Counting Website Traffic

  • Written By: D. Geller
  • Published: November 1 1999

Problem: Knowing how many people visit your website can help you improve the site and increase revenues. Counting them can be easy or accurate, but not both.

In Depth: In the Golden Age of the Internet (three or four years ago) the success of a website was measured by "hits." A hit is an event that retrieves an item from the website. When you pointed your browser to this page, for example, there were four or five hits registered at our server. One was for the main HTML page code, and the others were for the various graphic elements named on the page. Hits can be a good measure of how hard a server works (or how powerful it is) but are not particularly good measures of how many people visit the site.

Reporting On Your Website

Even though hits are a poor measure of how interesting a site is, you may still hear the measure used. Salespeople, who may not have been briefed on the inherent deceptiveness of hits, or who just prefer to quote the largest numbers they have, sometimes use hits when selling ads or sponsorships. This creates a numbers inflation problem for competing salespeople who may have been directed to use more accurate numbers. They are forced to educate the prospect on the intricacies of web measurement. Universal website auditing would put everyone on the same level playing field. However, although common in the publishing industry, auditing is not yet universal on the Internet.

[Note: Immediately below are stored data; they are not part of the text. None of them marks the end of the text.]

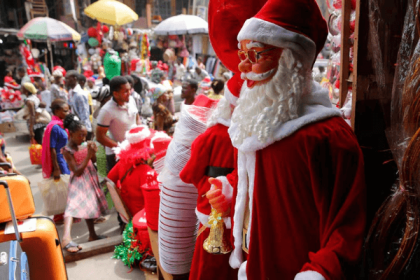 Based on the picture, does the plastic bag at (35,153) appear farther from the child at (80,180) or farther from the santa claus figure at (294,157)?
the santa claus figure at (294,157)

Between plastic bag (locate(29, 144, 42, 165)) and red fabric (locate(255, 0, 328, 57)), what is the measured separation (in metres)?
5.90

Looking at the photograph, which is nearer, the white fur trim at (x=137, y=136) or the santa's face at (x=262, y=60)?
the santa's face at (x=262, y=60)

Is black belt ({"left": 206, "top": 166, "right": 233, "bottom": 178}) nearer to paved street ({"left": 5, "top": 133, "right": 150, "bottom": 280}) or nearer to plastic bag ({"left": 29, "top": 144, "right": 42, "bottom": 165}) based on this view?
paved street ({"left": 5, "top": 133, "right": 150, "bottom": 280})

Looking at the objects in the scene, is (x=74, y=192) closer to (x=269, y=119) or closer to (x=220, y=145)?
(x=220, y=145)

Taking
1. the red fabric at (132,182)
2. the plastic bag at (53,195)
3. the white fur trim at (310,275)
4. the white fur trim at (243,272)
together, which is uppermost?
the white fur trim at (310,275)

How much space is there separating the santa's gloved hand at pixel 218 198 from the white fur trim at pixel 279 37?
24.8 inches

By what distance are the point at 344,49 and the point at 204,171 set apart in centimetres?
89

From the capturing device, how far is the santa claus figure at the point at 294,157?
3.62ft

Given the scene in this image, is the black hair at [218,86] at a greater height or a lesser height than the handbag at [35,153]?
greater

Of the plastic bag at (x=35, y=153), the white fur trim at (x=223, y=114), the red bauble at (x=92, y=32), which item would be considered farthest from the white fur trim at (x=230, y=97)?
the red bauble at (x=92, y=32)

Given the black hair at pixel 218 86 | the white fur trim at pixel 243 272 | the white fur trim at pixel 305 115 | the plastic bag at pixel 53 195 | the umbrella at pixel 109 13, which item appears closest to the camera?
the white fur trim at pixel 305 115

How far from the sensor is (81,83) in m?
6.46

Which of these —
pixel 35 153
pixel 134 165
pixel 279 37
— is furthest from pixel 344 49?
pixel 35 153

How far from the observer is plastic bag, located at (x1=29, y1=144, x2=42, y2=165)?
6176 millimetres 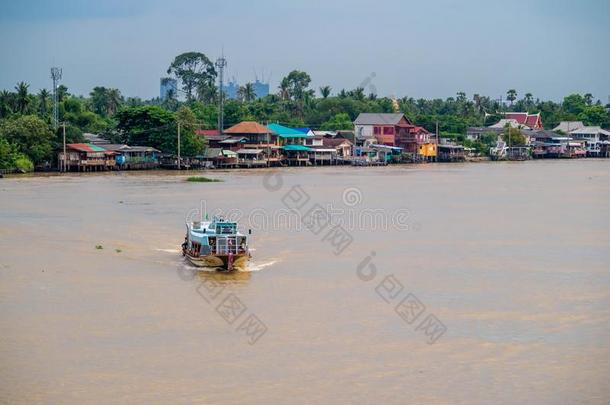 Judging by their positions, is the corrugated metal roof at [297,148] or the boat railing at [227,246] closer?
the boat railing at [227,246]

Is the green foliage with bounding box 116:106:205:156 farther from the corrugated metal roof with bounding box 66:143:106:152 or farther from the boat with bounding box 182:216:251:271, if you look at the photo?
the boat with bounding box 182:216:251:271

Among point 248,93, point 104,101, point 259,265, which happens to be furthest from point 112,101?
point 259,265

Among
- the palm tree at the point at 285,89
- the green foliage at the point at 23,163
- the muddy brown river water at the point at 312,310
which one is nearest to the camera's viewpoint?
the muddy brown river water at the point at 312,310

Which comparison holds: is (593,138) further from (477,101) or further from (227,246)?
(227,246)

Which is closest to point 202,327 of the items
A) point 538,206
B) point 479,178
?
point 538,206

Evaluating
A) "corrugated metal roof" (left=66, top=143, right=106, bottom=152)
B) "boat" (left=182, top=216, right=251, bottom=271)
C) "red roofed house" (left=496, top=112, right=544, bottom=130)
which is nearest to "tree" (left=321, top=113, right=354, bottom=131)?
"red roofed house" (left=496, top=112, right=544, bottom=130)

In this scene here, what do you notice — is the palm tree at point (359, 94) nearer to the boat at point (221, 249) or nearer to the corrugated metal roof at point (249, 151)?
the corrugated metal roof at point (249, 151)

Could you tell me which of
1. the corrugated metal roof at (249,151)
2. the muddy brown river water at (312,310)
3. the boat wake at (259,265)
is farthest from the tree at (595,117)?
the boat wake at (259,265) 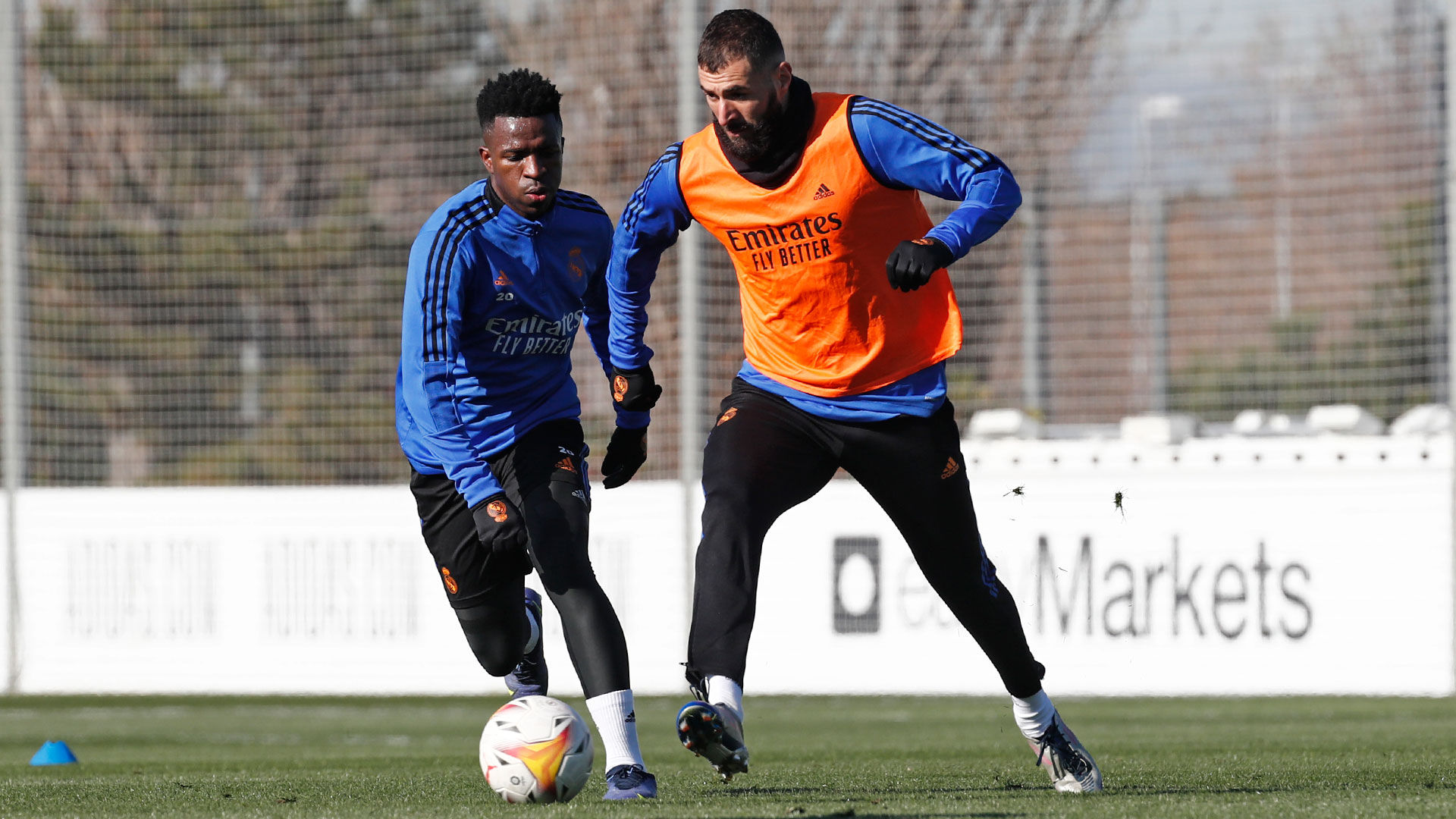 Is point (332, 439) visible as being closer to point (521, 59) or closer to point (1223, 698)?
point (521, 59)

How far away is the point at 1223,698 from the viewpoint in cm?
1174

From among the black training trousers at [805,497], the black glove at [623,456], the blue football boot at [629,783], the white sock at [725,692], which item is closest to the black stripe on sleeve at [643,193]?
the black training trousers at [805,497]

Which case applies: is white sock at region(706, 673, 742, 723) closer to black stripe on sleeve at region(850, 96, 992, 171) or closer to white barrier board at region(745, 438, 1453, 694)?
black stripe on sleeve at region(850, 96, 992, 171)

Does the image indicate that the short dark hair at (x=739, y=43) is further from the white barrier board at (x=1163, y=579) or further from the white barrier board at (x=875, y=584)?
the white barrier board at (x=875, y=584)

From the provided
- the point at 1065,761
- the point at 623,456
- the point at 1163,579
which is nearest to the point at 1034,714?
the point at 1065,761

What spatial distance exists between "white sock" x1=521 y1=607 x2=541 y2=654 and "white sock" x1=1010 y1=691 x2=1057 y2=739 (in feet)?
5.86

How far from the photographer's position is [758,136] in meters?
5.26

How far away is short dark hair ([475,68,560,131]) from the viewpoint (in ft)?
19.0

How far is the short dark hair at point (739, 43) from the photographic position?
16.9 feet

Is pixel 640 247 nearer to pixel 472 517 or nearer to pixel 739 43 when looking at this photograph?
pixel 739 43

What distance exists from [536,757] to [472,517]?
3.33 feet

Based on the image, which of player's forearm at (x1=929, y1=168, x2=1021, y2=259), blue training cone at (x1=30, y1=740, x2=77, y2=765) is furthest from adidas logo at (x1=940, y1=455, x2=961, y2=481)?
blue training cone at (x1=30, y1=740, x2=77, y2=765)

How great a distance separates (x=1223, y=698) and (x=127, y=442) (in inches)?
350

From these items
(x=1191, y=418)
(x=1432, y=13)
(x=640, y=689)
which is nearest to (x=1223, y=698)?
(x=1191, y=418) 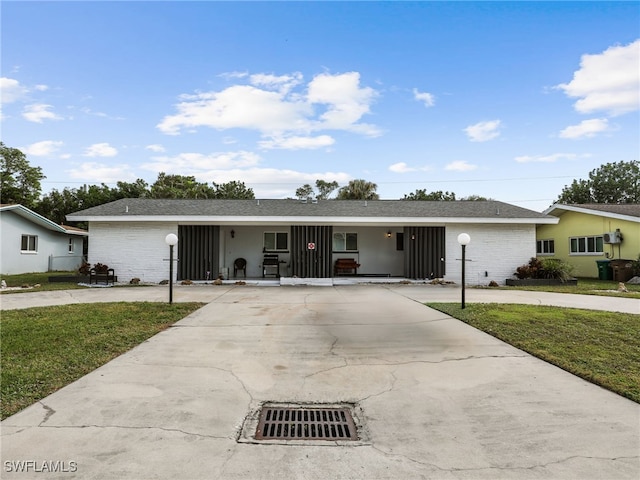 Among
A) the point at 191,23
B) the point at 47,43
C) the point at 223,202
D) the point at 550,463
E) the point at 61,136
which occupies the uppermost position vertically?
the point at 191,23

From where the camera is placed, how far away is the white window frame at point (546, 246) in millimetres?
21184

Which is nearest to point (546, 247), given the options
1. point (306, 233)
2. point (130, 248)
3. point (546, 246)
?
point (546, 246)

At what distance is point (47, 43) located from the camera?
11.5 m

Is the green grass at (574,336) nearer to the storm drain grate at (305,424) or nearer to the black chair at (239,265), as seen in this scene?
the storm drain grate at (305,424)

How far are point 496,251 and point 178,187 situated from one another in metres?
29.7

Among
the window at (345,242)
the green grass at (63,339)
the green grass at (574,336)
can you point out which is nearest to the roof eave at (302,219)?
the window at (345,242)

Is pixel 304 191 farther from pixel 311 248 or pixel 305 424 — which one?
pixel 305 424

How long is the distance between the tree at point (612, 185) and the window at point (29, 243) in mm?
46361

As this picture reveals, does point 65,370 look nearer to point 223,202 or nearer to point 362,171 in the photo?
point 223,202

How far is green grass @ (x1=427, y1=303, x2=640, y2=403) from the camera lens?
4.43 meters

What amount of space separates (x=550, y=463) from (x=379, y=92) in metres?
16.2


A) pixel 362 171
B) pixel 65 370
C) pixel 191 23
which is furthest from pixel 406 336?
pixel 362 171

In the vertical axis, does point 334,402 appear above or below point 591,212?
below

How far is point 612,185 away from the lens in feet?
124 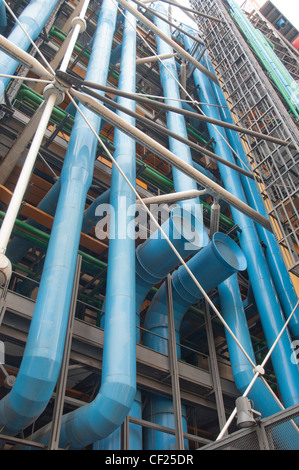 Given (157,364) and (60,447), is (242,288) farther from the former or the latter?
(60,447)

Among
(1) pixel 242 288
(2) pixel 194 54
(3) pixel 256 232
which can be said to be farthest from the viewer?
(2) pixel 194 54

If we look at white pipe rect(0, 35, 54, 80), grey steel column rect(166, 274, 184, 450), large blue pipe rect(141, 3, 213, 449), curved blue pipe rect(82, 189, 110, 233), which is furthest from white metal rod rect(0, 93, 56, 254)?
grey steel column rect(166, 274, 184, 450)

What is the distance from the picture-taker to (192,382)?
8484 millimetres

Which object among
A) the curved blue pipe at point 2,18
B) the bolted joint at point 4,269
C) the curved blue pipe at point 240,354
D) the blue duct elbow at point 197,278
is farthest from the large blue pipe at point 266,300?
the curved blue pipe at point 2,18

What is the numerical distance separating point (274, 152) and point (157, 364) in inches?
245

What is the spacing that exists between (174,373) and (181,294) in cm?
199

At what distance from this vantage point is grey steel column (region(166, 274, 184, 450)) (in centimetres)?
712

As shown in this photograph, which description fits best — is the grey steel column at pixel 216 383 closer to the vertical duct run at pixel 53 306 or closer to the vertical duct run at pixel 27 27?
the vertical duct run at pixel 53 306

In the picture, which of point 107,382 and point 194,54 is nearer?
point 107,382

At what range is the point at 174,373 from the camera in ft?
25.7

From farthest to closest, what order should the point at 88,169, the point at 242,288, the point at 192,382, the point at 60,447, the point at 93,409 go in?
the point at 242,288
the point at 192,382
the point at 88,169
the point at 60,447
the point at 93,409

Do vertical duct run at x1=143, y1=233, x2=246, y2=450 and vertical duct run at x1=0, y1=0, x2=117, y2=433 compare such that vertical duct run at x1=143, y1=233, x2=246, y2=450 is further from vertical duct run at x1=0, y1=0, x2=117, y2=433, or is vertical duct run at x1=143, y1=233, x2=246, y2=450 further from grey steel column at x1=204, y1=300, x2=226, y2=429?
vertical duct run at x1=0, y1=0, x2=117, y2=433

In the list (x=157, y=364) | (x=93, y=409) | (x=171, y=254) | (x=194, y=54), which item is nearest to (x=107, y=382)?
(x=93, y=409)

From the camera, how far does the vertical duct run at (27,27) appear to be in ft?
26.5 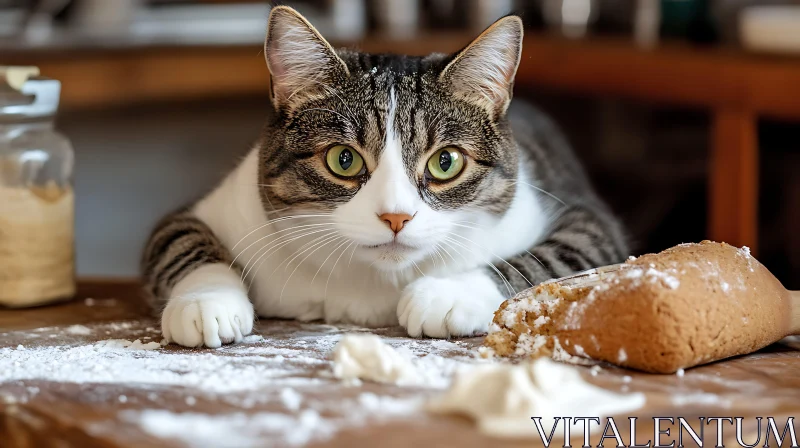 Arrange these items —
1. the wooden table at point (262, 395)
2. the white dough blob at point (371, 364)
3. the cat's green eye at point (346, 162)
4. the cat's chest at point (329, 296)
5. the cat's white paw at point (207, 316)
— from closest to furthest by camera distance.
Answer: the wooden table at point (262, 395)
the white dough blob at point (371, 364)
the cat's white paw at point (207, 316)
the cat's green eye at point (346, 162)
the cat's chest at point (329, 296)

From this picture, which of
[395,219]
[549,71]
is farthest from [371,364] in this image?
[549,71]

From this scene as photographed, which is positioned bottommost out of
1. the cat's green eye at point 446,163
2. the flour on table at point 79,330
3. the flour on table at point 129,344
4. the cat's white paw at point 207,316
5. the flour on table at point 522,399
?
the flour on table at point 79,330

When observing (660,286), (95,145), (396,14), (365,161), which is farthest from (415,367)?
(95,145)

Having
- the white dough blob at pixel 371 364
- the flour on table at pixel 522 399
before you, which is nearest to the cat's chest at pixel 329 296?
the white dough blob at pixel 371 364

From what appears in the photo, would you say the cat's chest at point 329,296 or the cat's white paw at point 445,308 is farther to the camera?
the cat's chest at point 329,296

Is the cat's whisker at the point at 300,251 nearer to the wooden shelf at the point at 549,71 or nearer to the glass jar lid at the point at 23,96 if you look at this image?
the glass jar lid at the point at 23,96

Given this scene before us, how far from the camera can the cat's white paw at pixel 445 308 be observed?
1.32m

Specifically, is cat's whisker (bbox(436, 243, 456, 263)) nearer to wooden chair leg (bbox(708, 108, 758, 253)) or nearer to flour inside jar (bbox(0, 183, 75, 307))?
flour inside jar (bbox(0, 183, 75, 307))

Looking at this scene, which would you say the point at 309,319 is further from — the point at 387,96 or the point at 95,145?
the point at 95,145

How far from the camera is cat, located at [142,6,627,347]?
4.37 ft

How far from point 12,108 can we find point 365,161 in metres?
0.68

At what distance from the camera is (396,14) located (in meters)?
3.12

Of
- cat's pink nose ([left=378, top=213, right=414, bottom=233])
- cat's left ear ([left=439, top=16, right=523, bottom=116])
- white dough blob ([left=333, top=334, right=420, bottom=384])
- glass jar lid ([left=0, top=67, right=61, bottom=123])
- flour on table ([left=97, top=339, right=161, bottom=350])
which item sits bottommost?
flour on table ([left=97, top=339, right=161, bottom=350])

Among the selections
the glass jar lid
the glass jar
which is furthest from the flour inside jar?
the glass jar lid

If hits are not the right measure, what is? It should not be surprising that there is no single "right" measure. As always, what you measure depends on what you want to know. What people really want to measure when they use hits is "page impressions" (also known as "impressions" or "page views" or "pages"). The important event is pointing the browser to a particular page - the number of times a browser has to request files from the webserver is irrelevant.

Impressions are as easily available as hits. Every hit is recorded in the webserver's log file. (See: Web Logs Tell (Almost) All). To count the impressions it is only necessary to know how to distinguish pages from images. Pages are usually named with extensions of htm, html, asp, or cgi. (The extensions "asp" and "cgi" indicate different forms of program that are used to generate page content dynamically). Note that the use of Java servelets and JavaScript has the potential of showing the user many "different" pages with only one page impression, because they can change the content of the page from within the browser.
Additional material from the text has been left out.